Was that schedule so bad? Was any quality programming interrupted? This is a reasonable schedule as to how the 2019 World Cup could work on television in the United States. Not every game is televised, but it’s definitely a start. There’s no reason why this can’t be implemented, especially because any game that’s not being shown on television can be shown on an NBC stream that is free provided that you have a subscription to NBC Sports Network (which is how it works for the Premier League).
Is it worth the investment? Yes. What NBC will realize after the 2016 Olympics (which they, unfortunately, have the television rights to) is that rugby sevens is growing and is going to become popular soon. Heck, the USA Sevens even won a tournament in England last year, and Mike Friday has the Eagles competing at a surprisingly high level to the point where they may be one of the six best sevens teams in the world. If the USA does well in 2016 and there’s an interest in the sport that begins to form (because it doesn’t matter what sport it is; everyone tunes in when it involves the United States, even if it’s on tape delay), then NBC may realize the potential of this sport and begin to televise more 7s games. Then, to promote the 2020 Olympics and to get more of an interest, the network can show games from the 2019 Rugby World Cup. Basically, it would probably result in an initial loss of money to set up some sort of production studio (even if it’s not in Japan, and instead, it’s just in New York City), but the end result would be good (and remember this- the 2020 Olympics are also in Japan, so there is something to be said about the same country hosting the Rugby World Cup and Olympics in less than a year).

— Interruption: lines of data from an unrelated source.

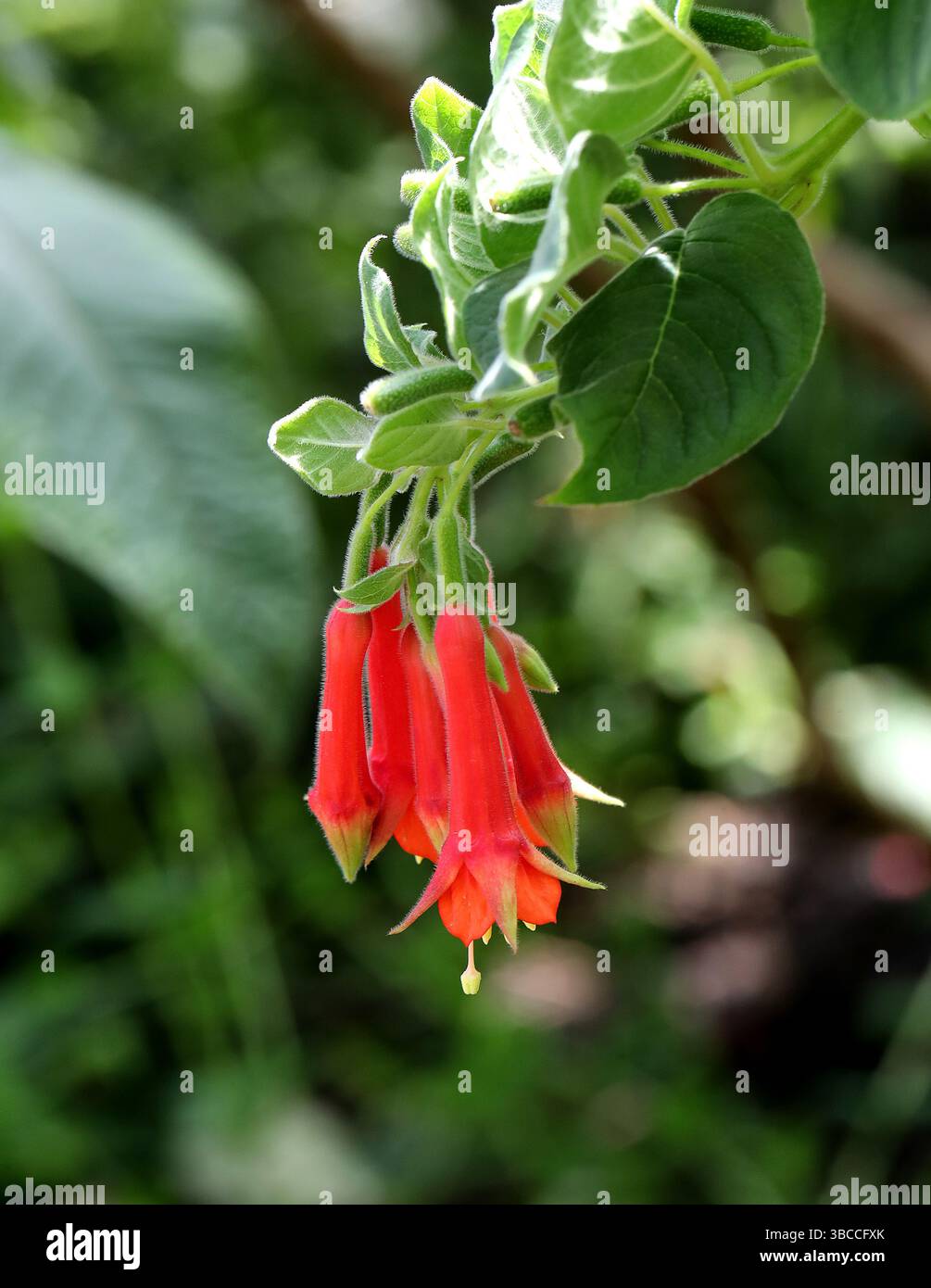 Brillante Fuchsia, Fuchsia fulgens, Onagraceae. Nord- und Zentralmexiko und Zentralamerika. Es ist ein Laub, aufrechter, sich ausbreitender Sträucher. Stockfoto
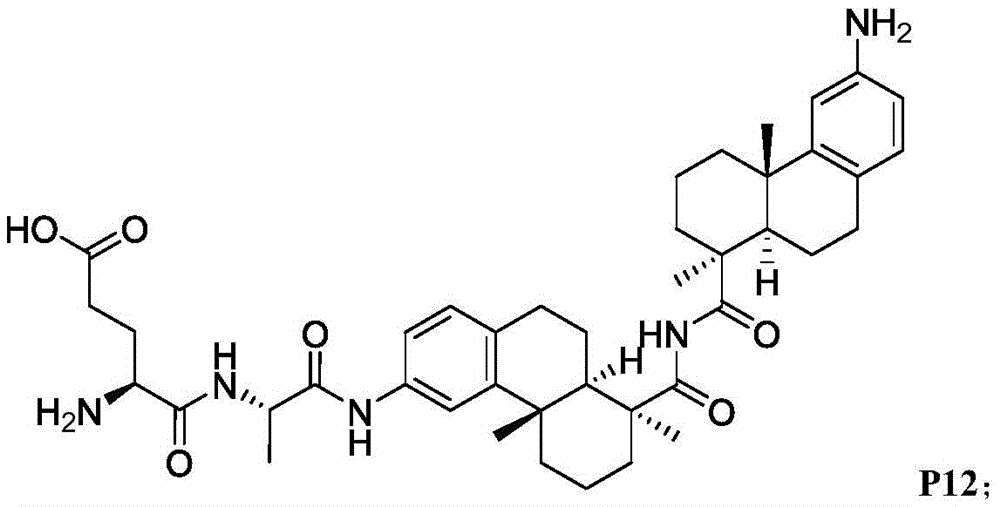 Figure FDA0003169092340000061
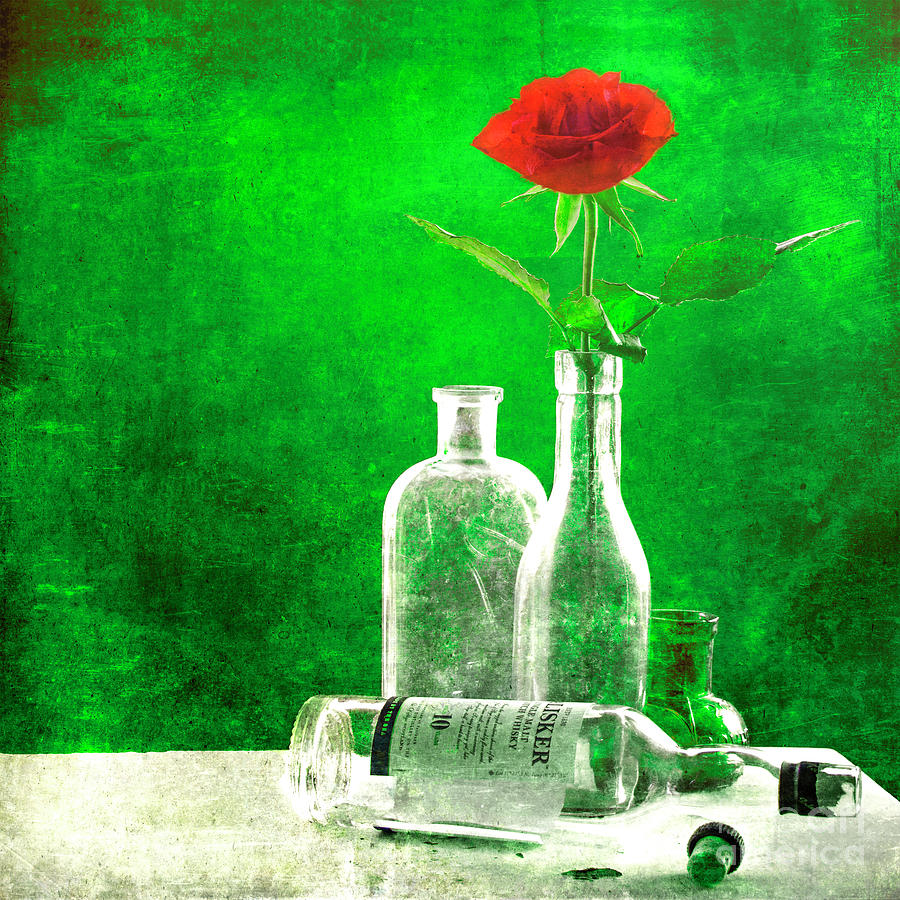 Red Rose Green World Photograph by Hal Halli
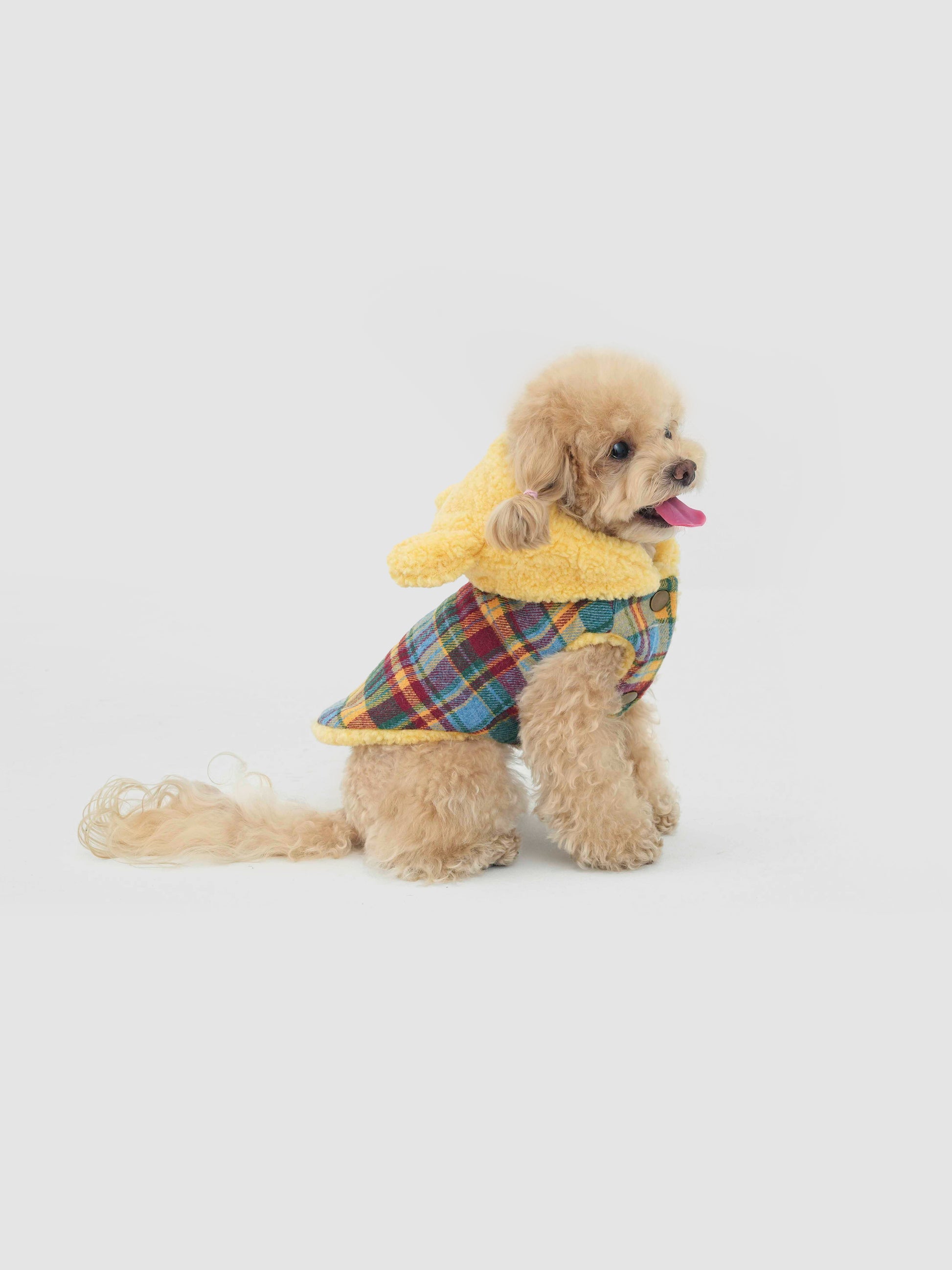 Butter Bear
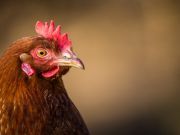 Why Raise Heritage And Rare Breed Chickens?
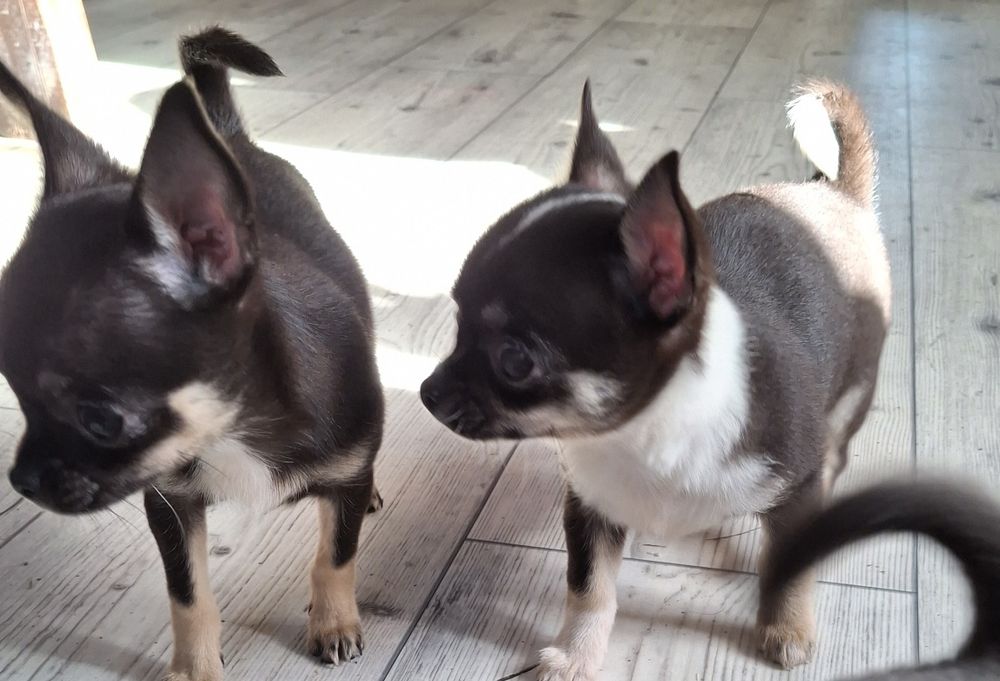 Chihuahua Tricolor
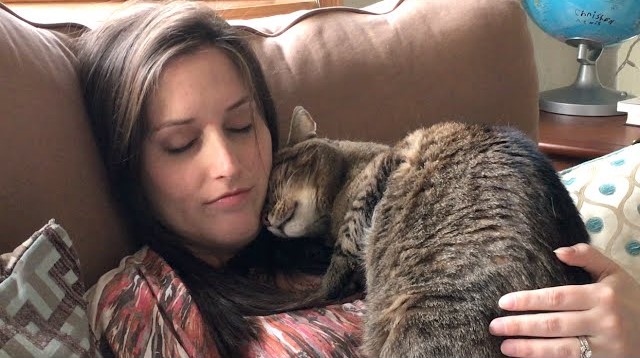 Cats Not Major Cause of Miscarriages, Experts Clarify; Focus on Food Safety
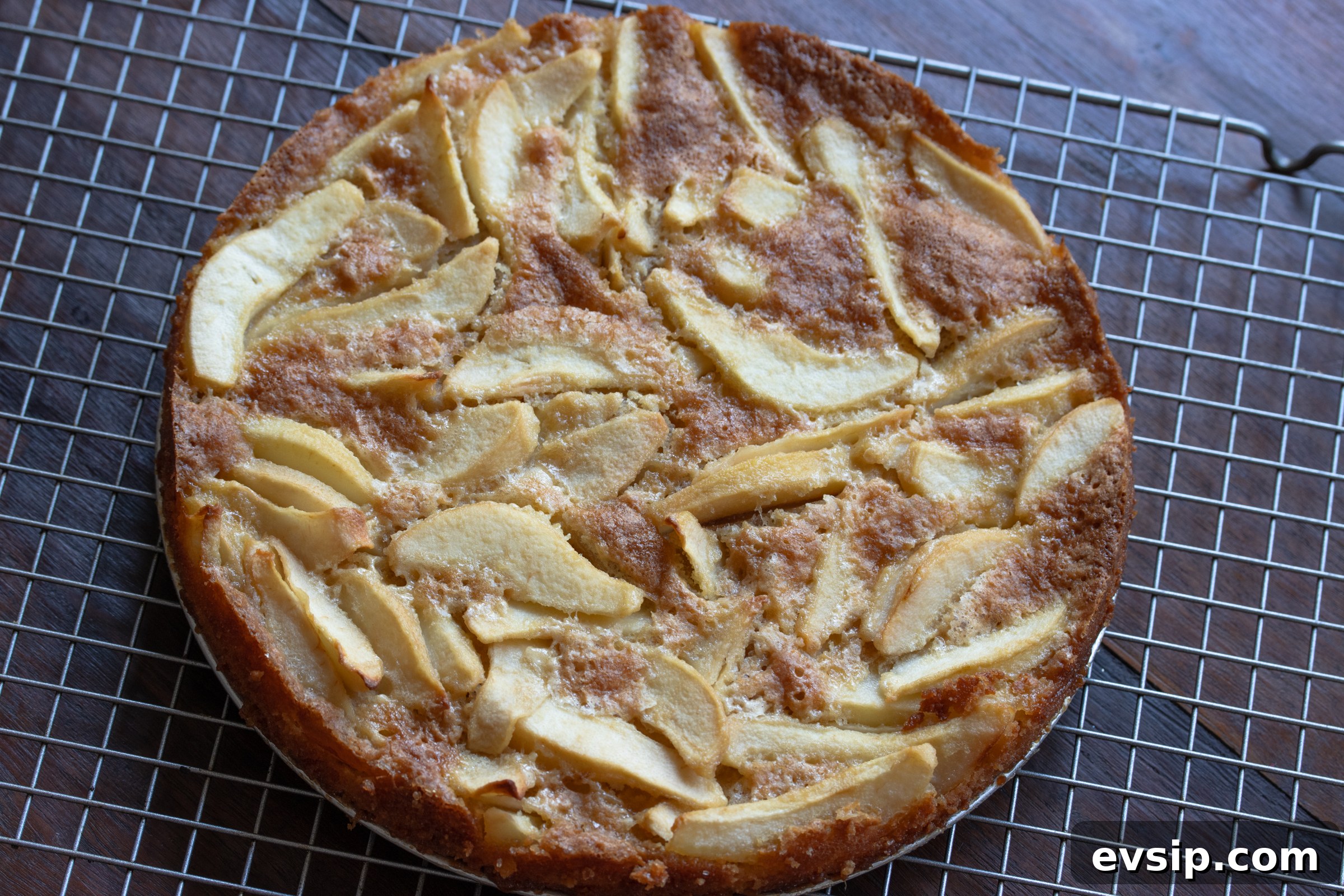 Springform removed and cake placed on a cooling rack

Enough of the $200 streams that don’t work and that defeat the purpose of growing the sport. Enough of making this sport completely inaccessible to anyone in the country, especially because this sport actually has popularity (as evidenced by the sold out Soldier Field that watched the USA take on New Zealand last year). It’s time that NBC actually makes an effort in broadcasting these games. Showing the final between Australia and New Zealand was a start. Now, it’s time to actually show the entire tournament and give one of the biggest tournaments in the world some respect. With the 2019 World Cup in Japan, every opportunity is there to take advantage of television rights. Take advantage of it. An untapped market of over 300 million people is counting on it.